> _Exercise instructions_
Reproduce the listing below word for word and exclude any picture.

> _Dataset extract_
>>
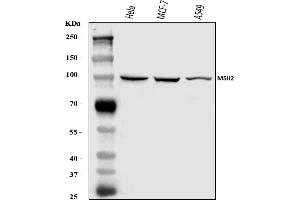 Western blot analysis of MSH2 using anti-MSH2 antibody (ABIN7601372).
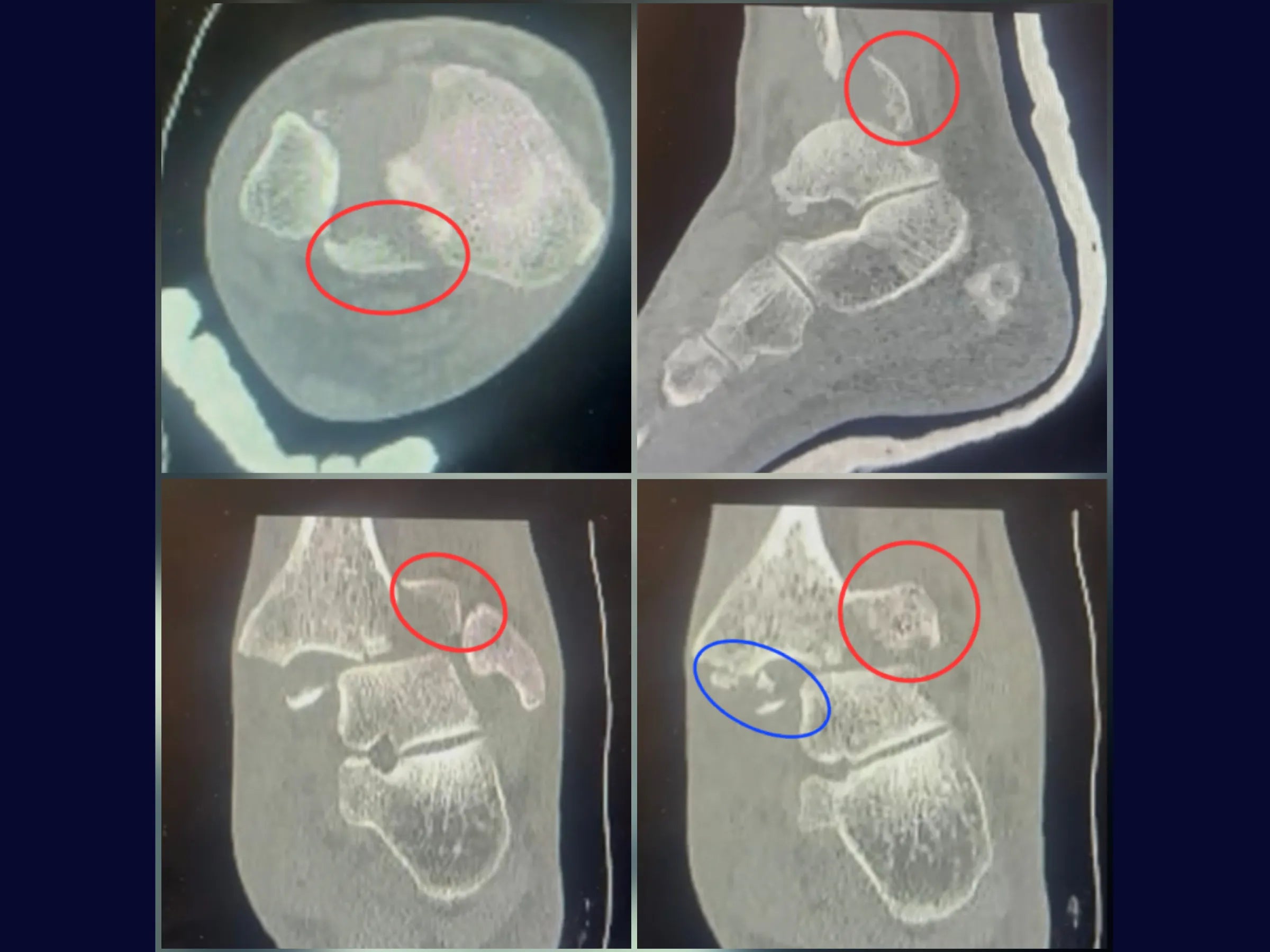 Fratura Trimaleolar - Abordagem em Decúbito Lateral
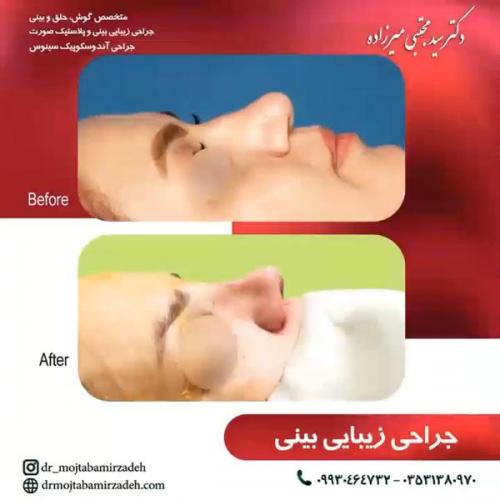 جراحی-بینی-یزد117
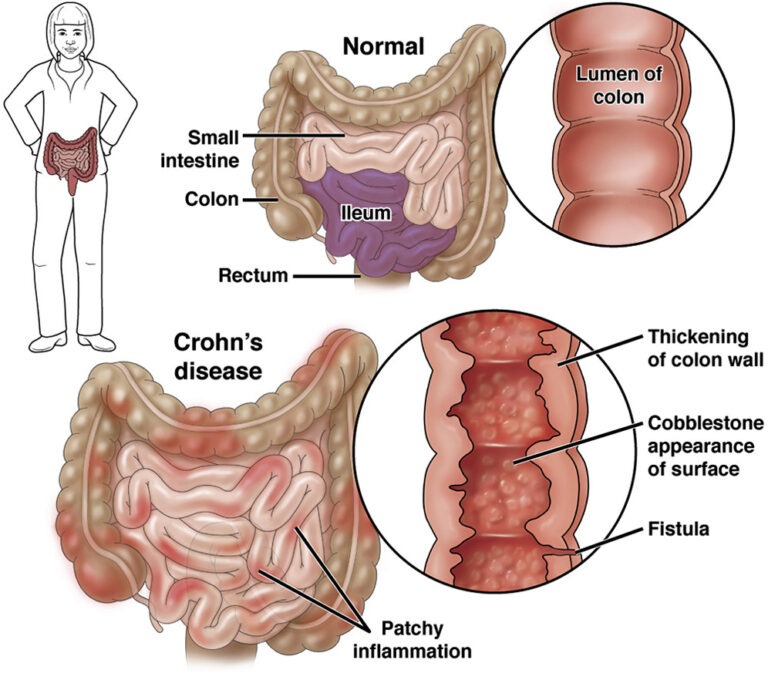 Crohn's Disease - GENEGUT - Verschil Colitis Ulcerosa En Crohn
<<
> _Solution_
 Western blot analysis of MSH2 using anti-MSH2 antibody (ABIN7601372).
 Fratura Trimaleolar - Abordagem em Decúbito Lateral
 جراحی-بینی-یزد117
 Crohn's Disease - GENEGUT - Verschil Colitis Ulcerosa En Crohn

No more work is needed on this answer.